2. The in-situ bubble dynamics observation device with visualization microelectrode according to claim 1, characterized in that, The inverted conical sealing sleeve is made of polytetrafluoroethylene or perfluoroether rubber.
3. The in-situ bubble dynamics observation device with visualization microelectrode according to claim 1, characterized in that, The threaded connector is stepped, consisting of a small-diameter section at the top and a large-diameter section at the bottom; The first through threaded hole is adapted to the minor diameter section of the threaded connector; The second through threaded hole is adapted to the major diameter section of the threaded connector.
4. The in-situ bubble dynamics observation device with visualization microelectrode according to claim 1 or 2, characterized in that, The microelectrode assembly also includes two O-rings, which are fitted over the upper and lower parts of the microelectrode and abut against the upper and lower ends of the threaded connector to achieve a seal.
5. The in-situ bubble dynamics observation device with visualization microelectrode according to claim 1, characterized in that, The microelectrode includes an electrode core, an insulating encapsulation layer sleeved on the outside of the electrode core, and an electrical connection structure fixedly connected to one side of the electrode core. The electrode core material is platinum, gold, silver, or glassy carbon; The diameter of the micro-electrode end facet is 2~2000 μm.
6. The in-situ bubble dynamics observation device with visualization microelectrode according to claim 1, characterized in that, The bottom support includes a limiting groove and a bracket fixedly connected to the limiting groove; The size of the limiting groove matches the size of the transparent electrolytic cell to prevent shaking.
7. The in-situ bubble dynamics observation device with visualization microelectrode according to claim 1, characterized in that, The transparent electrolytic cell is made of quartz glass or borosilicate glass; the wall thickness of the transparent electrolytic cell is 10~15mm.

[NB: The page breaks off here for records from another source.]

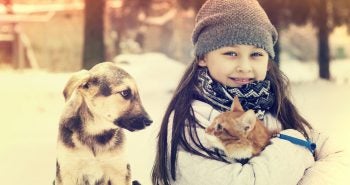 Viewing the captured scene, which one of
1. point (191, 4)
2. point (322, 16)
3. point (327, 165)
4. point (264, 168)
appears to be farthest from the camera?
point (322, 16)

8. The method of using the visual microelectrode in-situ bubble dynamics observation device as described in any one of claims 1 to 7, characterized in that, Includes the following steps: S1: Select a threaded connector with a corresponding tilt angle for the through guide hole, based on the tilt angle required for the experiment. S2: Place the transparent electrolytic cell on the bottom support so that the first through threaded hole and the second through threaded hole are coaxially aligned; S3: Insert the threaded connector into the first through threaded hole and the second through threaded hole from bottom to top, tighten and fix it to realize the assembly of the transparent electrolytic cell and the bottom support. S4: Insert and fix the microelectrode into the through guide hole to complete the assembly of the microelectrode assembly; S5: Add electrolyte into the transparent electrolytic cell, and then insert the reference electrode and the counter electrode; S6: Start the electrolysis reaction and conduct in-situ visualization observation of bubble dynamics.